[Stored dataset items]
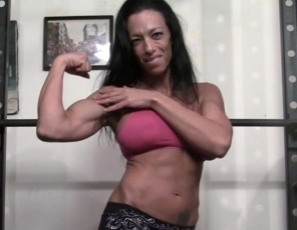 Female bodybuilder Willa likes to work out naked, but first she'll pose to give you a guided tour of her body: big, vascular biceps, ripped abs, sexy pecs, muscular glutes, legs and calves – and a glimpse of her pretty pussy. Like the tour?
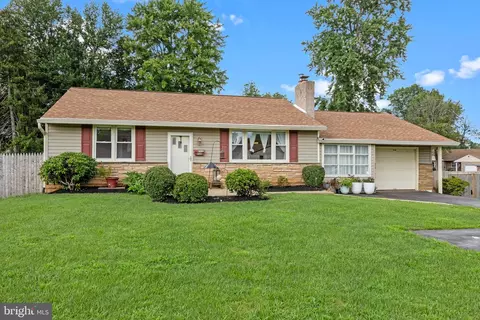930 E Maple Dr, Southampton, PA 18966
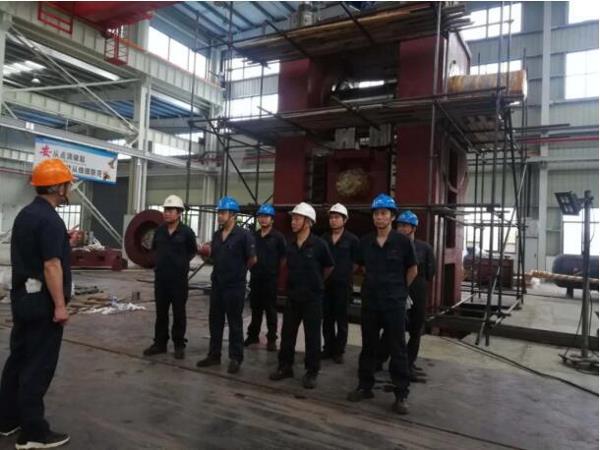 又一5000T热模锻压机组装调试！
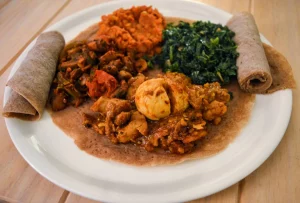 Injera dan Doro Wat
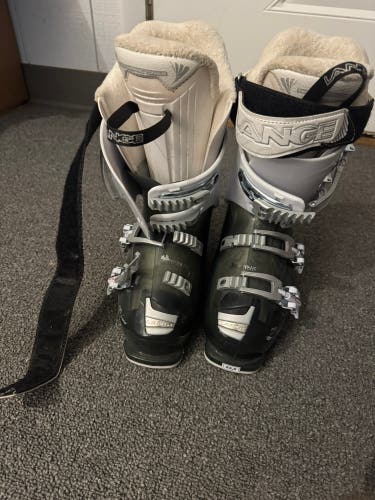 Mondo 23 & 23.5 Women's Lange Ski Boots (Used)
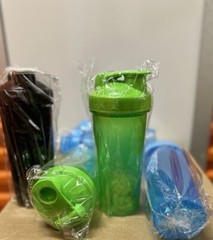 4 Quick Blender Shakercup – your Water Gym Bottle 20oz. Buy1 Get 3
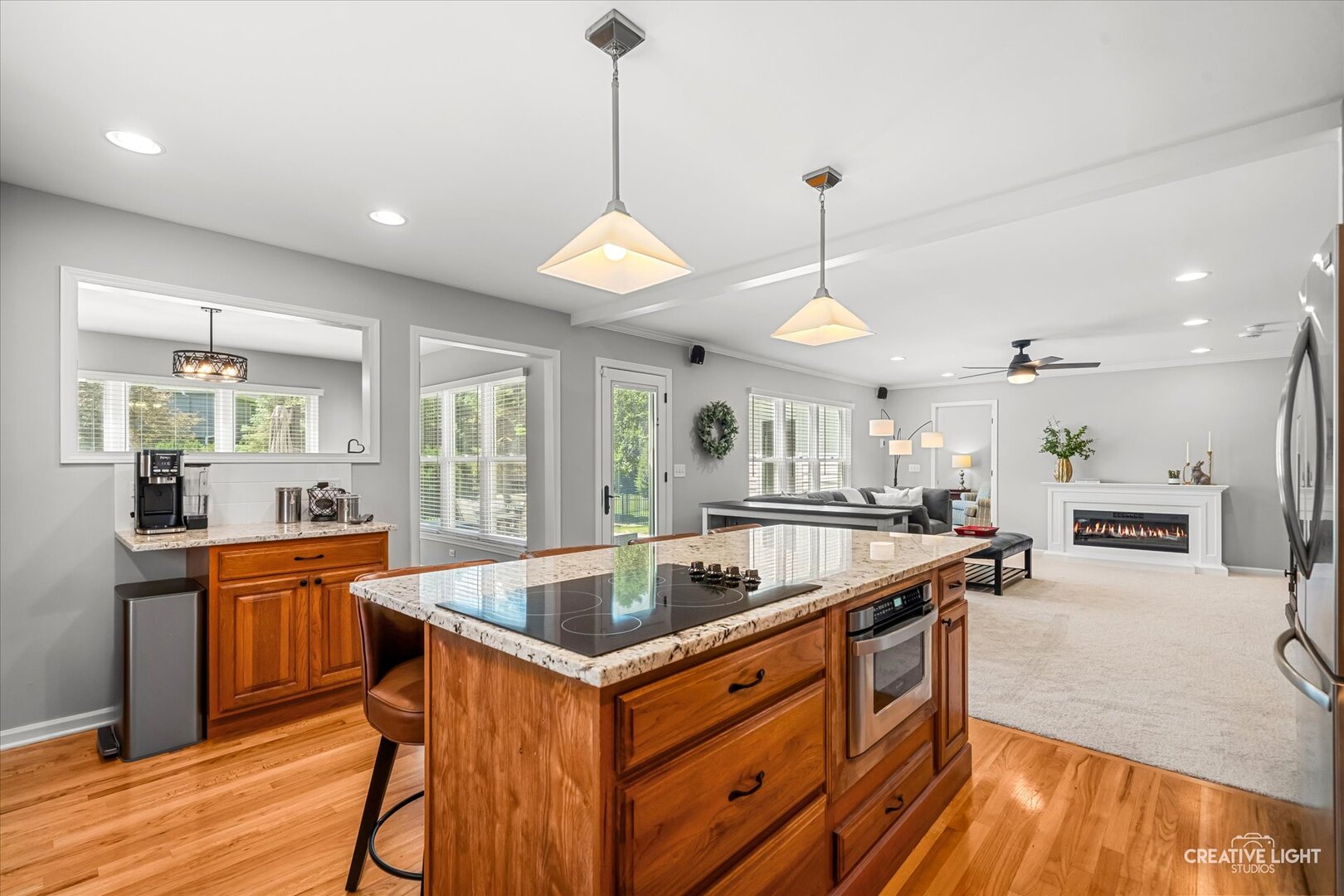2124 Wicklow Road Naperville, IL 60564 - Photo 9 of 46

What you will do:
The records above should be copied word for word, with the pictures left out.

Your solution:
 Female bodybuilder Willa likes to work out naked, but first she'll pose to give you a guided tour of her body: big, vascular biceps, ripped abs, sexy pecs, muscular glutes, legs and calves – and a glimpse of her pretty pussy. Like the tour?
930 E Maple Dr, Southampton, PA 18966
 又一5000T热模锻压机组装调试！
 Injera dan Doro Wat
 Mondo 23 & 23.5 Women's Lange Ski Boots (Used)
 4 Quick Blender Shakercup – your Water Gym Bottle 20oz. Buy1 Get 3
2124 Wicklow Road Naperville, IL 60564 - Photo 9 of 46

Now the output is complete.